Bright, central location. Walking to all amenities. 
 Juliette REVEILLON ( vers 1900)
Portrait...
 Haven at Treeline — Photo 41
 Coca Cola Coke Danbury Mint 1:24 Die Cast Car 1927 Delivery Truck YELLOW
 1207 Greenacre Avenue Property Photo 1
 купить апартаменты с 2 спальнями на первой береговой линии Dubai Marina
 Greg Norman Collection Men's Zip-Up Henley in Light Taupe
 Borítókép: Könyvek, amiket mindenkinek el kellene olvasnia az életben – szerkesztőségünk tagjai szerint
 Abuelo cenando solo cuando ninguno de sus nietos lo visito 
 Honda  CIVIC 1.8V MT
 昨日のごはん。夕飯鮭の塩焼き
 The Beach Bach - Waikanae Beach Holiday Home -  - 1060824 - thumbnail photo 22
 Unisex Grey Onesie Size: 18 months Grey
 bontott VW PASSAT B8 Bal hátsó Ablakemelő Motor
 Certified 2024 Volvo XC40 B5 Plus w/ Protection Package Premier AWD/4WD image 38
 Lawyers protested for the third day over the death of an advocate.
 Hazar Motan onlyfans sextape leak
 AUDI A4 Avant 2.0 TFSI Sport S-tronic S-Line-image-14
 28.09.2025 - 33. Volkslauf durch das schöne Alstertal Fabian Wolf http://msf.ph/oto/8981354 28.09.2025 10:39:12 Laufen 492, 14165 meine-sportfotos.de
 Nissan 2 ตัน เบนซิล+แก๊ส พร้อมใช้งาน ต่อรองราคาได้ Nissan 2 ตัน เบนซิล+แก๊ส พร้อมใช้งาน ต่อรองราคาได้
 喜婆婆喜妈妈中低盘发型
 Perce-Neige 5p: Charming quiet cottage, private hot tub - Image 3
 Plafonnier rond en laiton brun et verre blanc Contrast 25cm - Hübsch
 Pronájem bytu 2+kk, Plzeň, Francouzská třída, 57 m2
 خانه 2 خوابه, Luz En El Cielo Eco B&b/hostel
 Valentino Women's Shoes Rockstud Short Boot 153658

****************************************

Write out all records exactly, keeping every detail.

Bright, central location. Walking to all amenities. 
 Juliette REVEILLON ( vers 1900)
Portrait...
 Haven at Treeline — Photo 41
 Coca Cola Coke Danbury Mint 1:24 Die Cast Car 1927 Delivery Truck YELLOW
 1207 Greenacre Avenue Property Photo 1
 купить апартаменты с 2 спальнями на первой береговой линии Dubai Marina
 Greg Norman Collection Men's Zip-Up Henley in Light Taupe
 Borítókép: Könyvek, amiket mindenkinek el kellene olvasnia az életben – szerkesztőségünk tagjai szerint
 Abuelo cenando solo cuando ninguno de sus nietos lo visito 
 Honda  CIVIC 1.8V MT
 昨日のごはん。夕飯鮭の塩焼き
 The Beach Bach - Waikanae Beach Holiday Home -  - 1060824 - thumbnail photo 22
 Unisex Grey Onesie Size: 18 months Grey
 bontott VW PASSAT B8 Bal hátsó Ablakemelő Motor
 Certified 2024 Volvo XC40 B5 Plus w/ Protection Package Premier AWD/4WD image 38
 Lawyers protested for the third day over the death of an advocate.
 Hazar Motan onlyfans sextape leak
 AUDI A4 Avant 2.0 TFSI Sport S-tronic S-Line-image-14
 28.09.2025 - 33. Volkslauf durch das schöne Alstertal Fabian Wolf http://msf.ph/oto/8981354 28.09.2025 10:39:12 Laufen 492, 14165 meine-sportfotos.de
 Nissan 2 ตัน เบนซิล+แก๊ส พร้อมใช้งาน ต่อรองราคาได้ Nissan 2 ตัน เบนซิล+แก๊ส พร้อมใช้งาน ต่อรองราคาได้
 喜婆婆喜妈妈中低盘发型
 Perce-Neige 5p: Charming quiet cottage, private hot tub - Image 3
 Plafonnier rond en laiton brun et verre blanc Contrast 25cm - Hübsch
 Pronájem bytu 2+kk, Plzeň, Francouzská třída, 57 m2
 خانه 2 خوابه, Luz En El Cielo Eco B&b/hostel
 Valentino Women's Shoes Rockstud Short Boot 153658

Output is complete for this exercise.